In the file am_jobdata.csv you will find information for the first job outcomes of college graduates from India including their salaries, test scores, their high school grades and other data. We'll try to make some interesting graphs in order to :

Help us understand what the data set is
Make some broad inferences about salary, college performance, spatial/gender distribution
Get some intuitive understanding of the salary data and how it relates to other variables

In any data analysis exercise, visualization is a good first step that can confirm assumptions or shine light on some promising directions for analysis.

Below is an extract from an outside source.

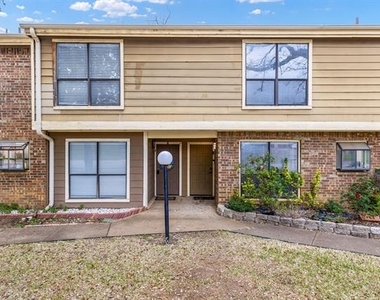2101 Park Willow Lane - Photo Thumbnail 22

See the Seaborn Gallery for ideas and directions on types of graphs that can be plotted.

Hints:

To get started, you may load the .csv file into Excel, Google Sheets or some other spreadsheet program to see what the data is and what its range is.
We'll be using seaborn to help us plot the data. Seaborn is a library that helps make visually appealing graphs and build on the matplotlib library. Head to the Seaborn tutorials page for some help on how to get started with plotting graphs in seaborn.
Think carefully about what type of graphs you want to plot - histograms, scatterplots, box-plots, violin plots, grouped data plots can all be useful.



In [113]:

    
# import libraries

import matplotlib
import IPython
import numpy as np
import pandas as pd
import matplotlib.pyplot as plt
import matplotlib as mpl
import pylab
import seaborn as sns

%matplotlib inline



In [114]:

    
# load the data
# hint : look up how to read .csv files in pandas
job_data = """ fill in something here!"""



In [27]:

    
# Let's see what the salaries look like!

mx = max(job_data.salary)
mn = min(job_data.salary)

print "Max is : "+str(mx)
print "Min is : "+str(mn)









    



Max is : 4000000.0
Min is : 35000.0



In [129]:

    
sb.distplot(job_data.salary.dropna(),bins = 100,rug=False)
sns.kdeplot(job_data.salary.dropna(),shade=True,color='blue')
# sns.rugplot(job_data.salary.dropna(),color='pink')









    Out[129]:





<matplotlib.axes._subplots.AxesSubplot at 0x1f3797b10>



In [128]:

    
# Lets plot males (gender == 1) vs females!
# Create data categories
m = job_data['gender']==1
f = job_data['gender']==0

sns.kdeplot(job_data[m].salary.dropna(),color='b')
sns.kdeplot(job_data[f].salary.dropna(),color='pink')









    Out[128]:





<matplotlib.axes._subplots.AxesSubplot at 0x1f349f310>